Description of original award (Fiscal Year 2014, $275,318)

The Justice Department's grant-making components have created a streamlined approach for federally recognized Tribes, Tribal consortia, Alaska Native villages and corporations, as well as authorized tribal designees to apply for Fiscal Year (FY) 2014 funding opportunities. The Coordinated Tribal Assistance Solicitation (CTAS) serves as a single solicitation for existing tribal government-specific grant programs administered by the Office of Justice Programs (OJP), the Office of Community Oriented Policing Services (COPS) and the Office on Violence Against Women (OVW). The CTAS solicitation is designed to assist tribes with addressing crime and public safety issues in a comprehensive manner. The CTAS grant-application process was inspired by and developed after consultation with tribal leaders, including sessions at the Justice Department's Tribal Nations Listening Session in 2009, and has been updated based on continued tribal consultations and listening sessions.

The Office of Juvenile Justice and Delinquency Prevention (OJJDP) provides awards under CTAS Purpose Area 8--Tribal Juvenile Accountability Discretionary Grants (TJADG) Program to federally recognized tribes to develop and implement programs that hold tribal youth accountable for delinquent behavior and strengthen tribal juvenile justice systems. Under the TJADG program there are eighteen (18) distinct purpose area objectives. Applicants seeking a TJADG award must select one or more TJADG purpose area objective as a goal and/or focus for the proposed project design. This program is authorized by the Department of Justice Appropriations Act, 2014, Pub. L. No. 113-76; 128 Stat. 5, 65.

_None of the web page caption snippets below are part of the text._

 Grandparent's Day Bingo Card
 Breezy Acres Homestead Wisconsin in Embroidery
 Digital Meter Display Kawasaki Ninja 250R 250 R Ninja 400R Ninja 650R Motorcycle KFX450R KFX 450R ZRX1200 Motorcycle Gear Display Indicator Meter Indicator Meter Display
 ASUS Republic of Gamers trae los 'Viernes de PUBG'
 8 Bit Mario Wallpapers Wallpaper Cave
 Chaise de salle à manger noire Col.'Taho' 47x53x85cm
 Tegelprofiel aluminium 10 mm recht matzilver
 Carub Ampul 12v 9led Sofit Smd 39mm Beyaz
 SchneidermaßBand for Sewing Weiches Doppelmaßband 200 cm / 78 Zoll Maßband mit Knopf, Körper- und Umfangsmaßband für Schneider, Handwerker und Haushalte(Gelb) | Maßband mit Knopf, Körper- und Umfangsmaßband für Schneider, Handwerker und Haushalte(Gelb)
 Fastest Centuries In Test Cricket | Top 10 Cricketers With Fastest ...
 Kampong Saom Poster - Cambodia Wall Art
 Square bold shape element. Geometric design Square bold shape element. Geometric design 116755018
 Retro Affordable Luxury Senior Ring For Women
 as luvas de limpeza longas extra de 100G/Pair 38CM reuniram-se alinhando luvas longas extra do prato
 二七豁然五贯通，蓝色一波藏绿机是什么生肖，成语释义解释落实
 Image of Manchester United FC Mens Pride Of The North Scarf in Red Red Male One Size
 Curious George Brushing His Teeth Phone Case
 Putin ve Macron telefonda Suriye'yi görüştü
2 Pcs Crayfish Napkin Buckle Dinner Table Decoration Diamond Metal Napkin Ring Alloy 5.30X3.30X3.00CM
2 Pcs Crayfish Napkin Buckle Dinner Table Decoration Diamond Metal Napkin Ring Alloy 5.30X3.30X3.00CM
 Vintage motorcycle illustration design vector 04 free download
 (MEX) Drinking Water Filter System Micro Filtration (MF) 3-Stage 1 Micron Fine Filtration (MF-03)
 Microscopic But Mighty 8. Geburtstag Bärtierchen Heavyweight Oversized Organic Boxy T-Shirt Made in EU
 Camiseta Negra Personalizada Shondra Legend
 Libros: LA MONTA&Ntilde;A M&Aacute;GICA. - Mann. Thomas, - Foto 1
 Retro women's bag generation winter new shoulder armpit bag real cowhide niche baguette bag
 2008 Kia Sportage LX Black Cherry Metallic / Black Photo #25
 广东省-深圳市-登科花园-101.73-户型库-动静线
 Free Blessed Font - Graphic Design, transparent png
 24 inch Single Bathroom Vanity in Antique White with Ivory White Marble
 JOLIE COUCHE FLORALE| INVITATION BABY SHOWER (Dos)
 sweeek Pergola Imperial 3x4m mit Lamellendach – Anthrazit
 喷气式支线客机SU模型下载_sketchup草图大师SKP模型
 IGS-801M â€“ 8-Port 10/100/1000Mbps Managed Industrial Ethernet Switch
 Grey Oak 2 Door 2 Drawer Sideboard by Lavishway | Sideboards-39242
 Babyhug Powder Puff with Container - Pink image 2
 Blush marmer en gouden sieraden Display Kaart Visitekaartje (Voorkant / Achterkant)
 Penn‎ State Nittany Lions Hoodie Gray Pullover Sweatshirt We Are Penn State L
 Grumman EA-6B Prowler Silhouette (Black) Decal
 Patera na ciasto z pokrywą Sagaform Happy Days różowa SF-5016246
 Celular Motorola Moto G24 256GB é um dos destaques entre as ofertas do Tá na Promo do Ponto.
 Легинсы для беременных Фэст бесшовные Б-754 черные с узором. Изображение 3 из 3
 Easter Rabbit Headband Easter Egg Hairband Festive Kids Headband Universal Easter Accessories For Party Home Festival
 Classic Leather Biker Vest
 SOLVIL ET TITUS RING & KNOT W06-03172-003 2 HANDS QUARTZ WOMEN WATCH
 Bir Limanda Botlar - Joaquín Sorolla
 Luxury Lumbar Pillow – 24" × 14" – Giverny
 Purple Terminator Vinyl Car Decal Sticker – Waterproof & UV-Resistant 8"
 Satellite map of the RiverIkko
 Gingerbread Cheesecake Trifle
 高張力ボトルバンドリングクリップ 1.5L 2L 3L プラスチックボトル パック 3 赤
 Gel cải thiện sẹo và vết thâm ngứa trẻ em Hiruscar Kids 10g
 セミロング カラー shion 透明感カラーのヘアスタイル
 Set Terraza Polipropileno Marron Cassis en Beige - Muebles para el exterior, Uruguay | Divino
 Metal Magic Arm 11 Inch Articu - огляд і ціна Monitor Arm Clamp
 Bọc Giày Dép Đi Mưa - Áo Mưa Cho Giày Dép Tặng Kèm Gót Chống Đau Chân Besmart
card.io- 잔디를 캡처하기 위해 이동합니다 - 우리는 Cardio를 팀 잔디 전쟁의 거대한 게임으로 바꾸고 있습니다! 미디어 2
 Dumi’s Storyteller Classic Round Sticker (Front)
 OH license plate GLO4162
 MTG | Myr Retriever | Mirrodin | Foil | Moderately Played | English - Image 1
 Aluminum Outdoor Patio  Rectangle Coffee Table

With this funding, the San Carlos Apache Tribe proposes to expand their Office of the Public Defender (OPD) to better support and represent all tribal youth charged with a juvenile offense before the San Carlos Juvenile Court. This expansion would enable the Court to better monitor processes to include identifying and developing new diversion programs for youth. This initiative would also reduce the juvenile population of the San Carlos Juvenile Rehabilitation and Detention Center, and help the tribe approach the incarceration of juveniles as a last resort. This initiative would also ensure that the youth appearing before the Court would understand the nature of the proceedings and the charges filed against them to include having representation immediately following their arrest by the San Carlos Police Department. Additional objectives include educating the community on the need for alternatives to incarceration, improving services for court-involved youth and preventing a juvenile's rights from being violated. The OPD will encourage a collaborative approach to juvenile delinquency and will gather information on resources currently available in the community, identify gaps in services, and map out a plan to ensure youth have access to these services. Finally, OPD will develop a plan for a Juvenile Drug Court to address substance abuse problems of court-involved youth.

Goals and objectives of project will include the immediate advertising and hiring of an Assistant Public Defender (APD). The new hire would then receive training on the Juvenile Court system by the Public Defender staff. Other related objectives would be specified training for the APD to familiarize him/her with Juvenile Court etiquette, the Juvenile Justice Code and Rules of Procedure. Key aspects of the expanded OPD will be to identify current resources and diversion programs and make recommendations for new programs; develop a strategy for the Juvenile Drug Court program; identify the costs and resources necessary to move toward program implementation, and ultimately establish a means for data collection and analysis to evaluate and identify the effectiveness of this program.